### Data provided
+---+

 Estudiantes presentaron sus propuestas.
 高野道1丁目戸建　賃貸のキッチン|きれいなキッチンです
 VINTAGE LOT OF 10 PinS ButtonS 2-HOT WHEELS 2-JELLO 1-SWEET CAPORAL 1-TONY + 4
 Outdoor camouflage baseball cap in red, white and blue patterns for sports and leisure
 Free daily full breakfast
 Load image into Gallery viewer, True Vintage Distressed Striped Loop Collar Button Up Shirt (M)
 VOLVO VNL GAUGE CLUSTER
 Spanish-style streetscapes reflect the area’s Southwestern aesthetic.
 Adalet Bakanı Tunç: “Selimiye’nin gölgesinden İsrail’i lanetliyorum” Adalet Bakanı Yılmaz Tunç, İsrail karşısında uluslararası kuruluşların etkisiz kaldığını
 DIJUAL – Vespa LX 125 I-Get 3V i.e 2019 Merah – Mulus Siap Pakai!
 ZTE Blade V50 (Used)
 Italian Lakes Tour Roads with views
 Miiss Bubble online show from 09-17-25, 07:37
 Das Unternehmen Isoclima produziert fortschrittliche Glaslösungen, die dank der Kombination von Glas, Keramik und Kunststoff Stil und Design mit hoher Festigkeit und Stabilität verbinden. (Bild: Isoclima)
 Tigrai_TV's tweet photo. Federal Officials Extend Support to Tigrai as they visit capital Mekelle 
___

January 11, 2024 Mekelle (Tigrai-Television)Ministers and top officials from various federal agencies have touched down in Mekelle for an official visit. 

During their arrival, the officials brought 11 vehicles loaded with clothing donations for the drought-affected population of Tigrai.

+---+

### About this task
In the records above, collect each line with "Tigrai".

### Your solution
 Tigrai_TV's tweet photo. Federal Officials Extend Support to Tigrai as they visit capital Mekelle 
January 11, 2024 Mekelle (Tigrai-Television)Ministers and top officials from various federal agencies have touched down in Mekelle for an official visit. 
During their arrival, the officials brought 11 vehicles loaded with clothing donations for the drought-affected population of Tigrai.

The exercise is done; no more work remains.